Mr. drs. Johan de Wit is onze voorganger. Hij is in Leiden en in Kampen opgeleid tot jurist en theoloog. Naar eigen zeggen heeft hij zijn theologische studie ervaren als een heel uitgebreide cursus algemene ontwikkeling.
De verbeelding waartoe de menselijke geest in staat is, blijft hem verwonderen en vanuit die verwondering spoort hij ons aan tot zelfonderzoek.

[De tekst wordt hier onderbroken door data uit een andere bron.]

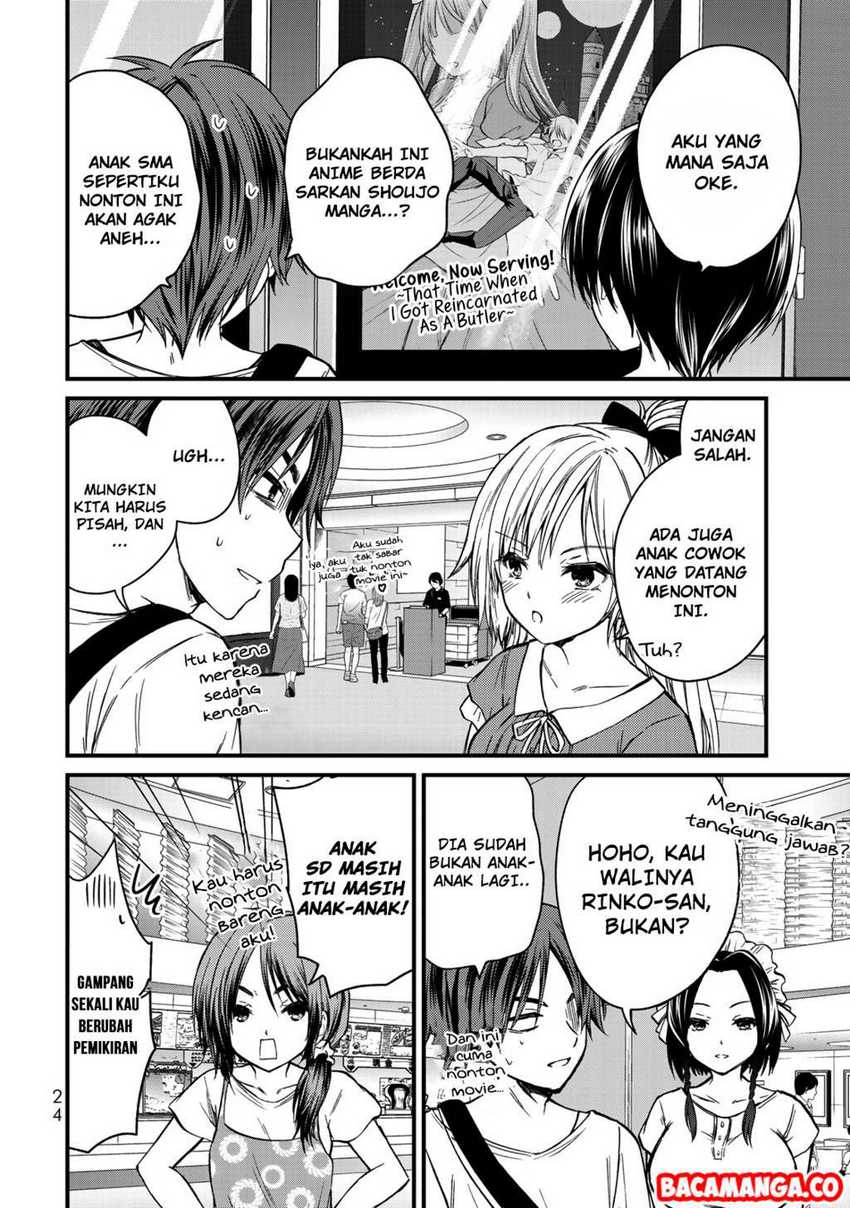 Manga Ojou-sama no Shimobe Chapter 38 gambar 2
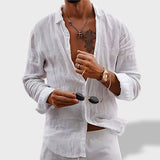 Louis - Camisa de Verano de Lino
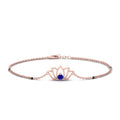 Thumbnail 10 - Cute Lotus Chain Bracelet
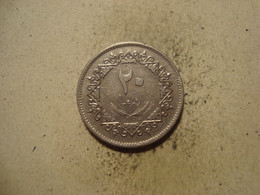 MONNAIE LIBYE 20 DIRHAMS 1985 / 1395 - Libya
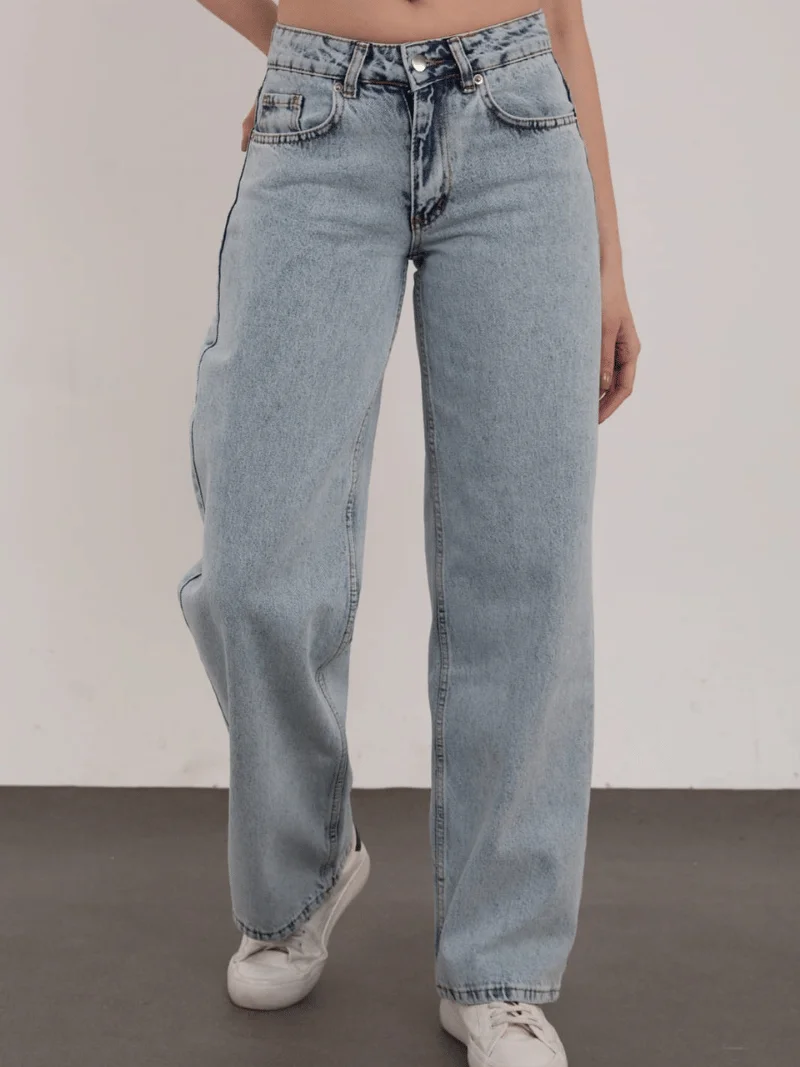 La Bjorn Wide Leg Jeans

Alles begint en eindigt bij het kennen van jezelf en wat ons is overgeleverd uit de oude boeken en met name de leringen en uitspraken van Jezus helpen ons daarbij. Door het filter van de man uit Nazareth kunnen wij de wereld anders zien dan wij gewend zijn en dat is, aldus Johan de Wit, het grote geheim van religieus zijn.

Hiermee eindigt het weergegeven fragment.